* **WHAT THE EXERCISE ASKS**: From the records that follow, return exactly the lines beginning at the one that contains "My comment below" and ending at the one that contains "Montbell Jacket Mens", pictures left out.

* **TASK DATA**:
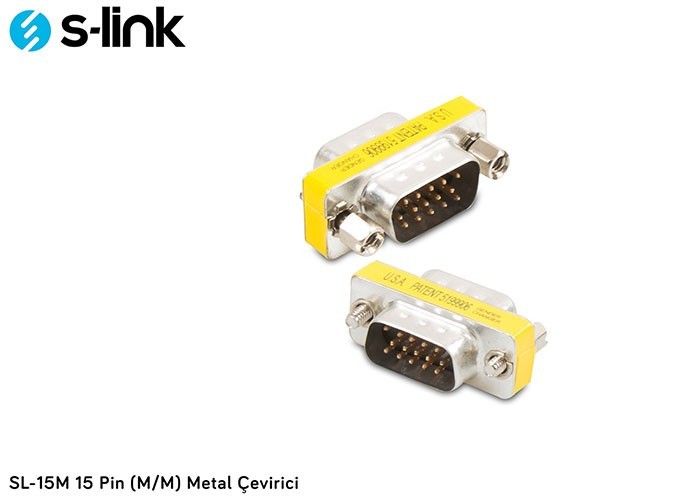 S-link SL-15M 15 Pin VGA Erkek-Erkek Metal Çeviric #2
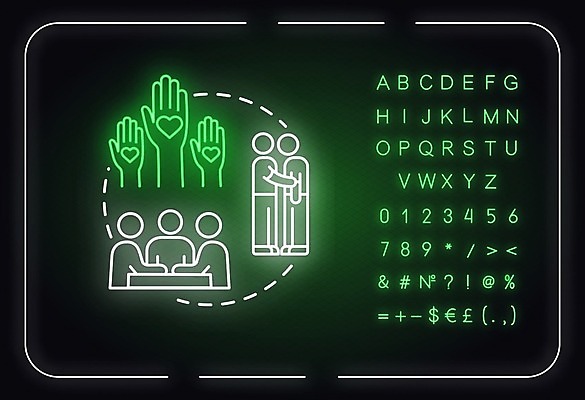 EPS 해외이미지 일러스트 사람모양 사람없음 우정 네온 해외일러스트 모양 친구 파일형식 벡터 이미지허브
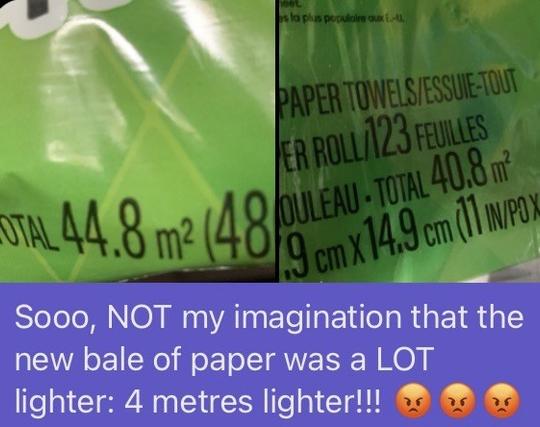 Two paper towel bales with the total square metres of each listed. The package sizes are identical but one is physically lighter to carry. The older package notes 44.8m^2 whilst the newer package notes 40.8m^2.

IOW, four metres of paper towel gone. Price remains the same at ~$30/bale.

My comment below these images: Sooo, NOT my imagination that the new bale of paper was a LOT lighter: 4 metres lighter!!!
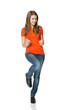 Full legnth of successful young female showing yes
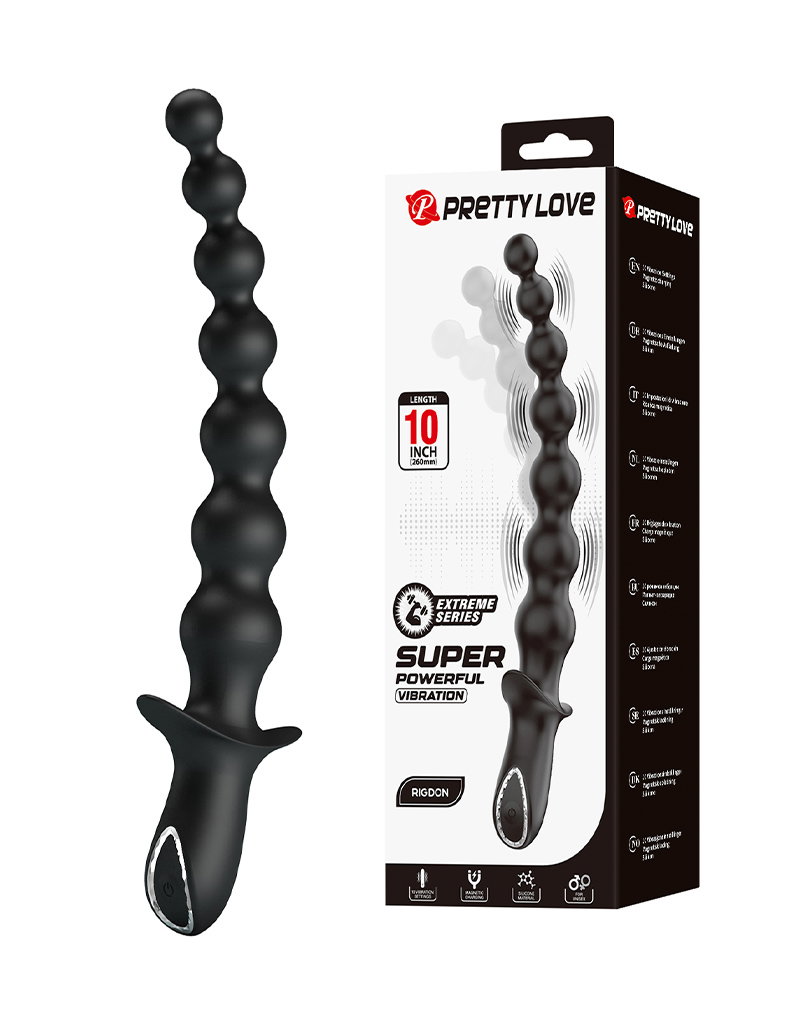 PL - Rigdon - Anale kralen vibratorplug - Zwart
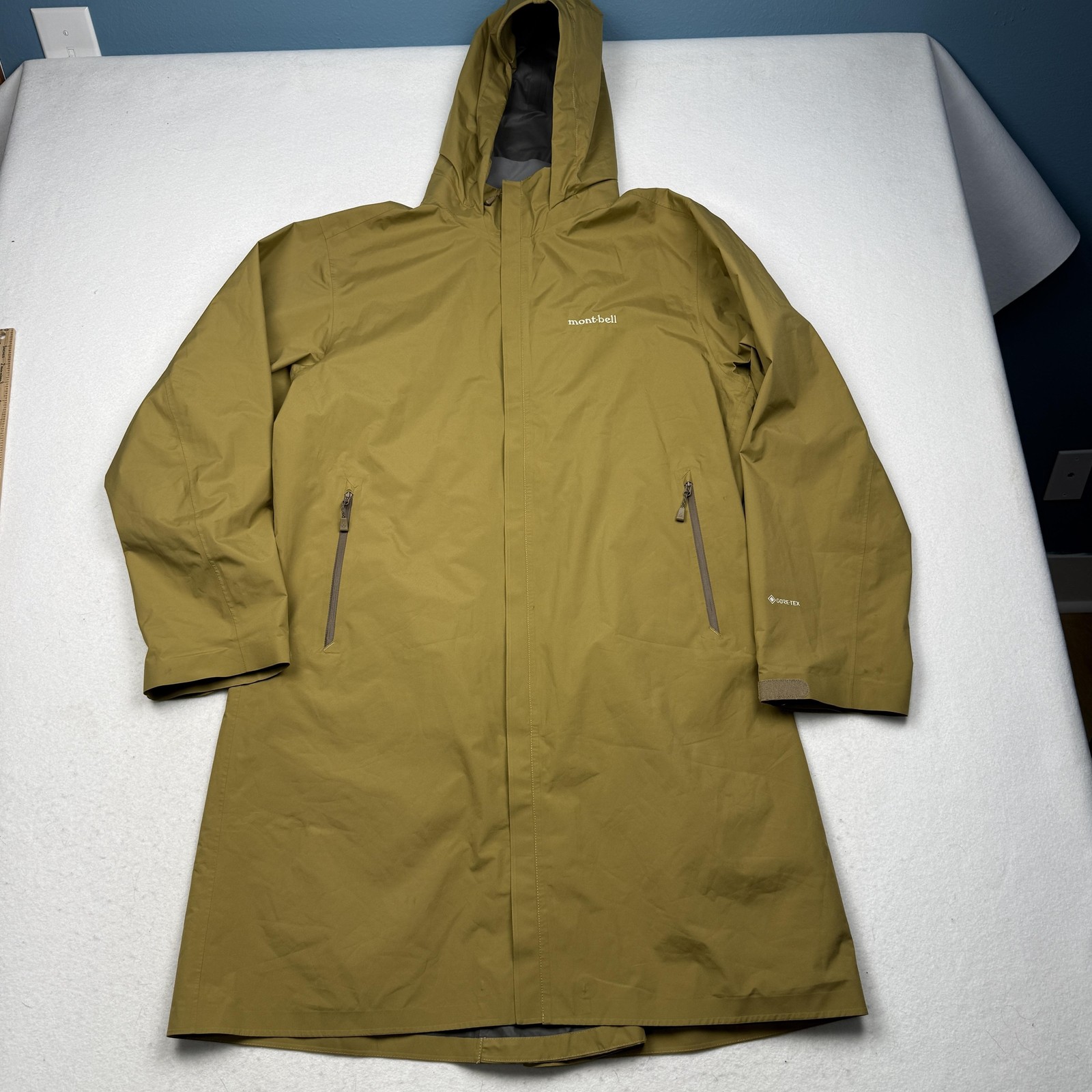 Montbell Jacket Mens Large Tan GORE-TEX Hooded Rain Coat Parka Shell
==
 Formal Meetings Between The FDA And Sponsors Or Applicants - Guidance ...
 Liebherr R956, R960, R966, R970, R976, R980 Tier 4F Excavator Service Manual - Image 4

* **EXERCISE RESPONSE**:
My comment below these images: Sooo, NOT my imagination that the new bale of paper was a LOT lighter: 4 metres lighter!!!
 Full legnth of successful young female showing yes
 PL - Rigdon - Anale kralen vibratorplug - Zwart
 Montbell Jacket Mens Large Tan GORE-TEX Hooded Rain Coat Parka Shell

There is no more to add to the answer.